(Stored data)
>>
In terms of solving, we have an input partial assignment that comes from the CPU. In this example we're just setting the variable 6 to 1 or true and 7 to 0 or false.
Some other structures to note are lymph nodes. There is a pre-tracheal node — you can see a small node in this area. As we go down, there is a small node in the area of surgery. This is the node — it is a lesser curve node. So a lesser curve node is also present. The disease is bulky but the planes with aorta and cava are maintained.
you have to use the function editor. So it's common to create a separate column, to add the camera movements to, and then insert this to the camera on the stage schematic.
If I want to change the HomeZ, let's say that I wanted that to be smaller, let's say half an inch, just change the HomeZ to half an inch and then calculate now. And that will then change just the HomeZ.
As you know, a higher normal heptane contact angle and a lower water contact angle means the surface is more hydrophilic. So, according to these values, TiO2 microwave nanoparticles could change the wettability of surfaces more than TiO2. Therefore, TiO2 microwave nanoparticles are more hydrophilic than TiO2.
<<
>>
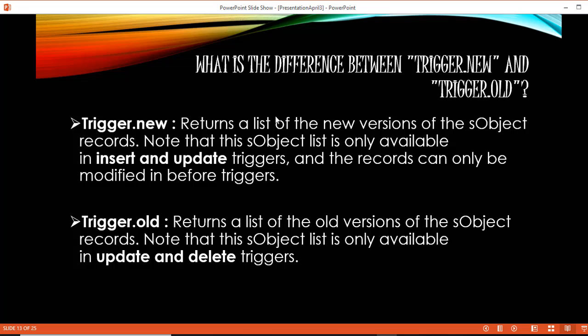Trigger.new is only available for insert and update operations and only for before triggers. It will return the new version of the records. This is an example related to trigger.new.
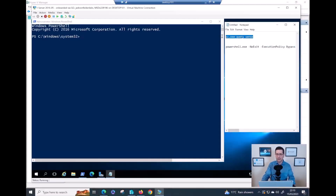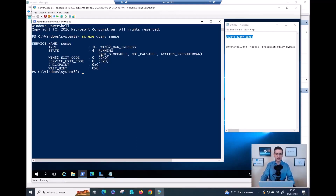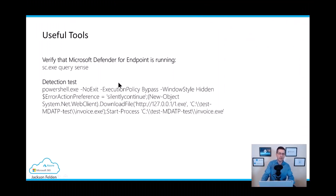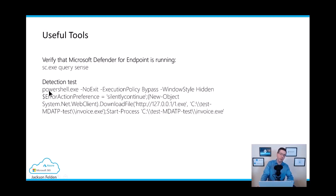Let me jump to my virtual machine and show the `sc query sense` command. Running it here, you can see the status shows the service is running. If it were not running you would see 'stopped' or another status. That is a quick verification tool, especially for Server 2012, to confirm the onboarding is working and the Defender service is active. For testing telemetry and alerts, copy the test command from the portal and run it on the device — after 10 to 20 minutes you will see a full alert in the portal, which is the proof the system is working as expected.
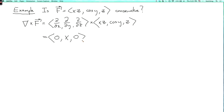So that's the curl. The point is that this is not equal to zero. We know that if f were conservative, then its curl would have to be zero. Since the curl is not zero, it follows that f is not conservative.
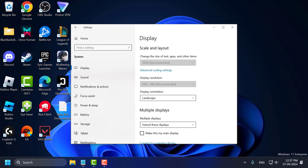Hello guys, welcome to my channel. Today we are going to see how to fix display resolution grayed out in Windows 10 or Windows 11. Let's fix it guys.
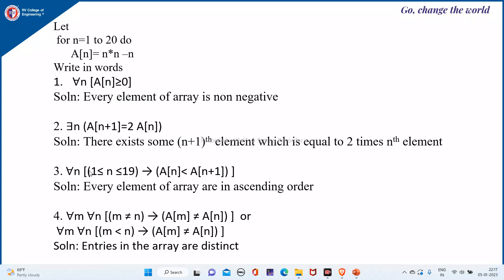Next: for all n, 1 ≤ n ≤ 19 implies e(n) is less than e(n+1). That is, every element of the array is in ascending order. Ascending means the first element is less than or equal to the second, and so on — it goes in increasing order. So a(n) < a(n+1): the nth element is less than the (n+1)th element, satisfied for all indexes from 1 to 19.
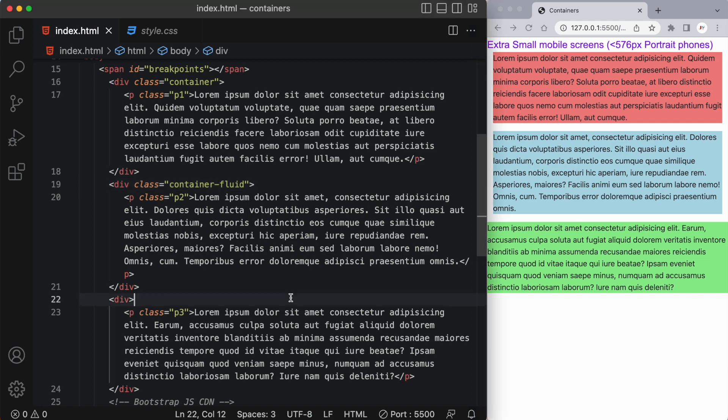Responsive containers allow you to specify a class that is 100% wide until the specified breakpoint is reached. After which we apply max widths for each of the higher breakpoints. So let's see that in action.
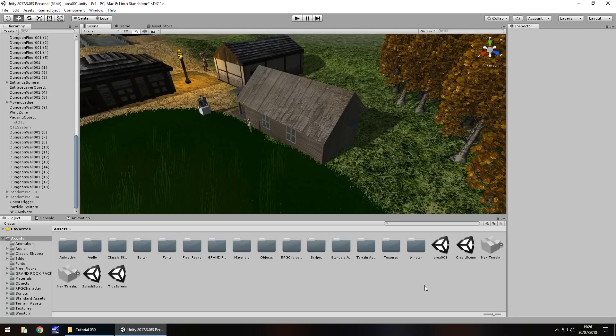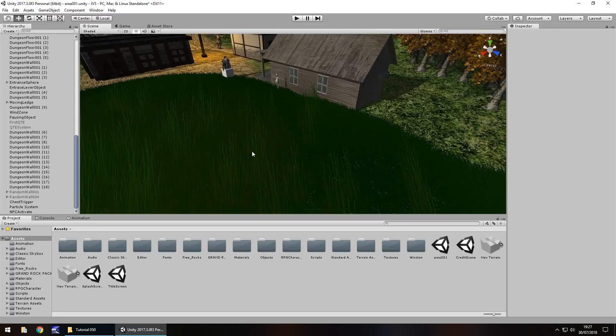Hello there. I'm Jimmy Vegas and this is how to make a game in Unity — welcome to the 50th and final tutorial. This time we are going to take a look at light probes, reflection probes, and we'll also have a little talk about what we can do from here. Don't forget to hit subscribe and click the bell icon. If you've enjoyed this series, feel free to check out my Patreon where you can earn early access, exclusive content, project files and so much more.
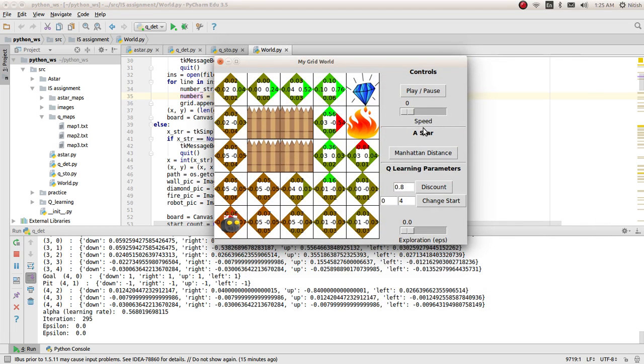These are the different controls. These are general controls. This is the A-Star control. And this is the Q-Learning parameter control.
<<
# [Aim of the exercise]
What lines above run from the one with "Next: for all" to the one with "Hello there. I'm"? Give them again exactly, ends included, and leave the pictures out.

# [Reply to the task]
Next: for all n, 1 ≤ n ≤ 19 implies e(n) is less than e(n+1). That is, every element of the array is in ascending order. Ascending means the first element is less than or equal to the second, and so on — it goes in increasing order. So a(n) < a(n+1): the nth element is less than the (n+1)th element, satisfied for all indexes from 1 to 19.
Responsive containers allow you to specify a class that is 100% wide until the specified breakpoint is reached. After which we apply max widths for each of the higher breakpoints. So let's see that in action.
Hello there. I'm Jimmy Vegas and this is how to make a game in Unity — welcome to the 50th and final tutorial. This time we are going to take a look at light probes, reflection probes, and we'll also have a little talk about what we can do from here. Don't forget to hit subscribe and click the bell icon. If you've enjoyed this series, feel free to check out my Patreon where you can earn early access, exclusive content, project files and so much more.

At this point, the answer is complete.